Y así las cosas llegamos a toda la serie de ordalías que marcan el final del colonialismo hispano y la resurrección de los nacionalismos en los que no faltan las descalificaciones de raza, lengua y religión. Los vascos de Arana y sus adláteres, tienen escritos, para todos aquellos que los quieran leer, párrafos que harían santo a Hitler. La Renaixença Catalana también tiene descalificativos a los primeros inmigrantes que harían enrojecer a los mayores partidarios del muro de Gaza o el de México.
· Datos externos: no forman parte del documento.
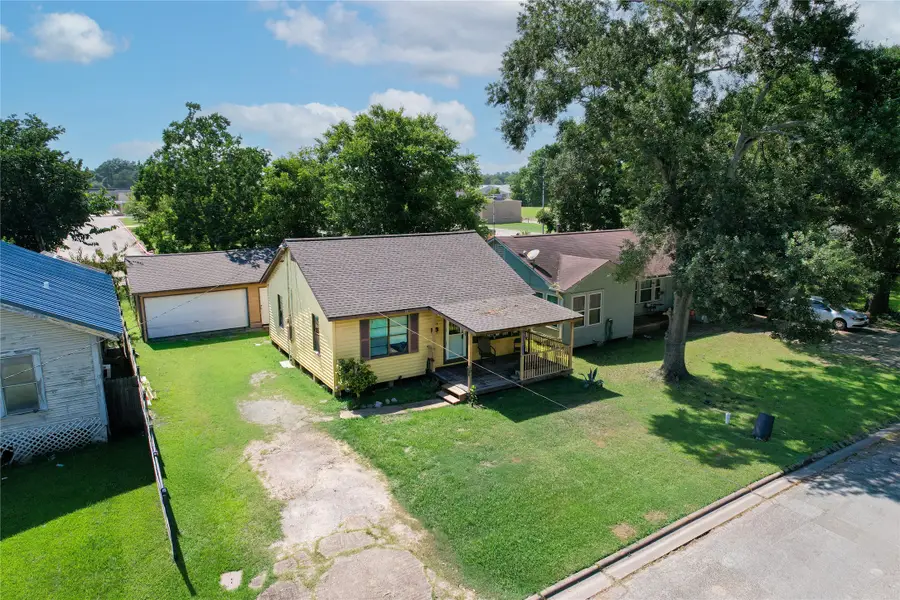 939 Milam Street, Liberty, TX 77575 - #3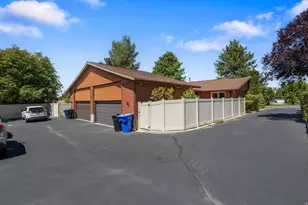 2424 E 4430 S, Holladay, UT 84124 - Photo 29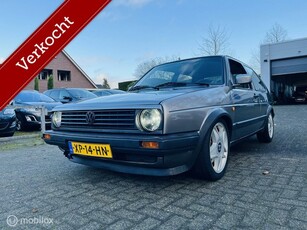 Volkswagen Golf de ultieme sleeper Golf 3.2 R32 motor 270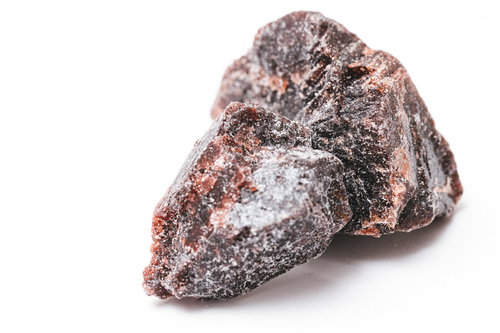 鏃のような形の赤褐色と白色の岩塩の結晶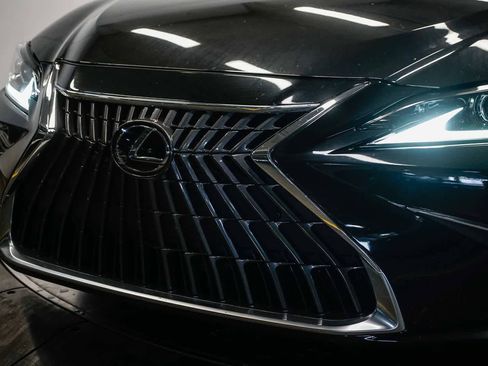 Used 2024 Lexus ES 300h w/ Premium Package image 8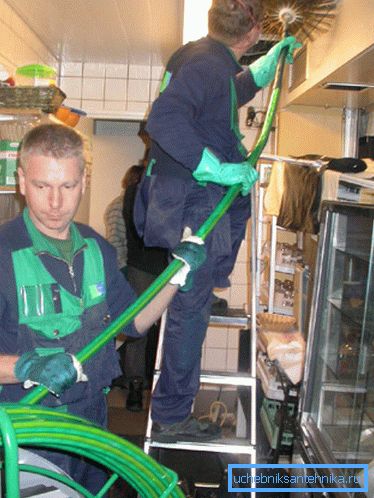 Amatørfoto, prosessen med å rense ventilasjonskanalen Amatørfoto, prosessen med å rense ventilasjonskanalen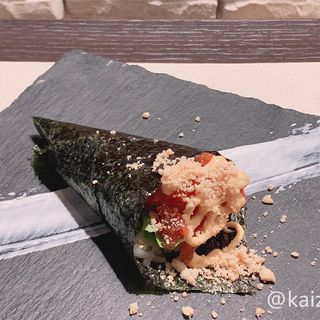 83. Temaki spicy salmone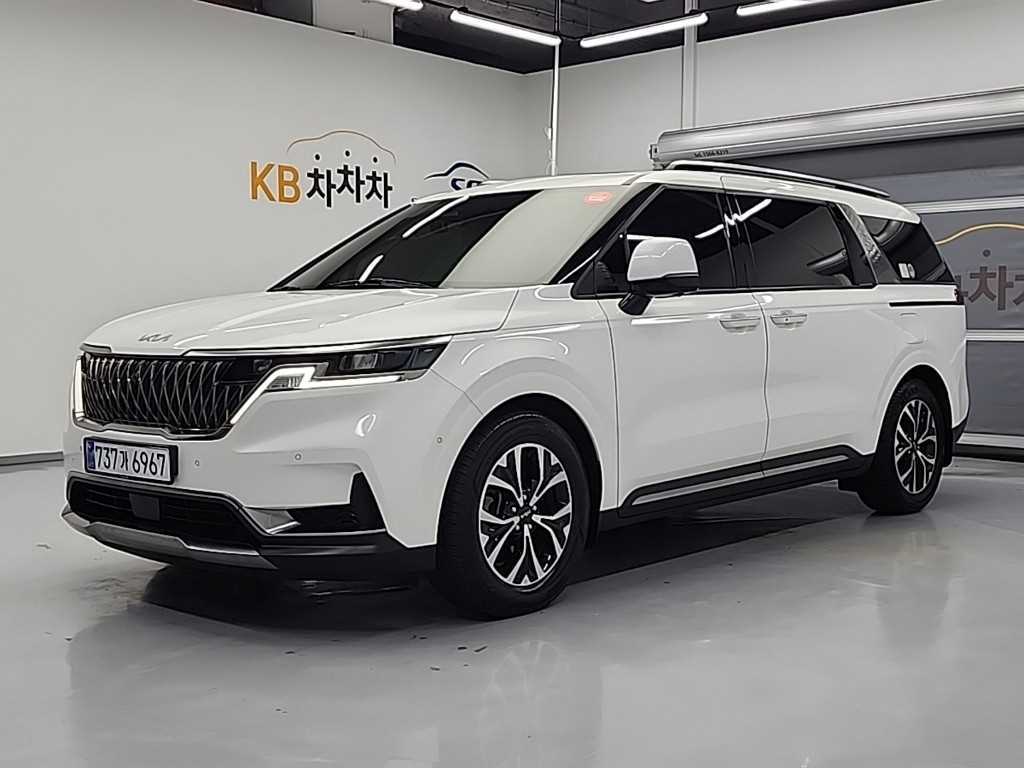 KIA Carnival 2023 Blanco - Importación desde Corea - HF Imports Iquique - Foto 1
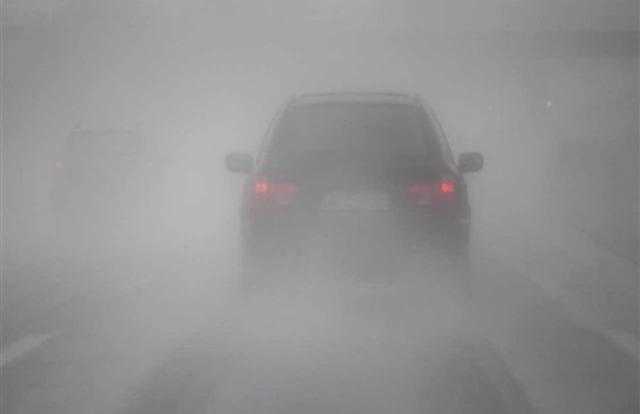 إعادة فتح طريق العين السخنة القطامية عقب تلاشي الشبورة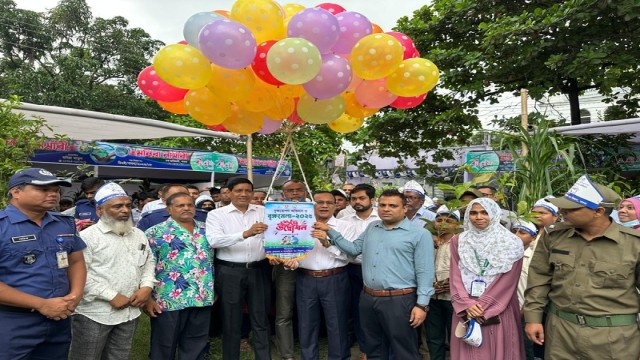 A rally was held to mark the tree fair, followed by the inauguration of the tree plantation campaign and fair with the release of balloons and pigeons by the guests on Monday morning at Independence Square in the city. (Photo: V7N)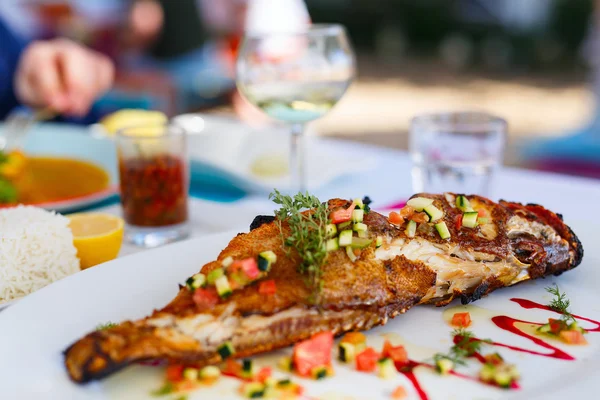 Grilled fish lunch — Stock Photo, Image
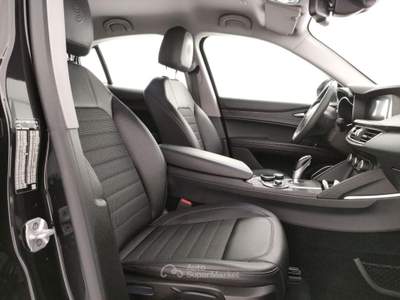 Alfa Romeo Stelvio 2.2 Turbodiesel 210 CV AT8 Q4 Executive Nero usata Barletta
Los nacionalismos, por más que se quieran disfrazar de otras cosas, no dejan de ser creencias en la superioridad de una raza, en su capacidad de trabajo, en la difamación con lo que ocurre en otras regiones del país o del mundo. Cuando la presunta izquierda abunda en esta diferenciación, aunque luego la disimule con otras letanías incomprensibles, yo no dejo de olvidar lo que dijeron los primeros que trataron de hacer que los trabajadores y trabajadoras de la Humanidad estuviesen juntos. Y más habida cuenta de la mezcla (bendita) de colores, regiones y lenguas que se juntan en el Mundo para dotarle de mayor diversidad y de un freno a la deriva genética.
Somos grandes porque somos muchos y muchas, venidos de cualquier parte, la mayoría pobres (a los ricos no se les pregunta su procedencia) y con ganas de salir de esa pobreza. Hemos arriesgado la vida para que los “Antecessor”, los “Heidelberghensis”, los laietanos, los béticos y los llegados desde cualquier parte del planeta Tierra, podamos convivir, disfrutar, fornicar y procrear, o no, según nos salga de los mismísimos…
Benjamín Hernández Caballero
(Dedicado, con amor inmortal, a mi sobrino Guillem Villalbí Hernández, hijo de mi hermana y de mi hermano catalán para siempre.)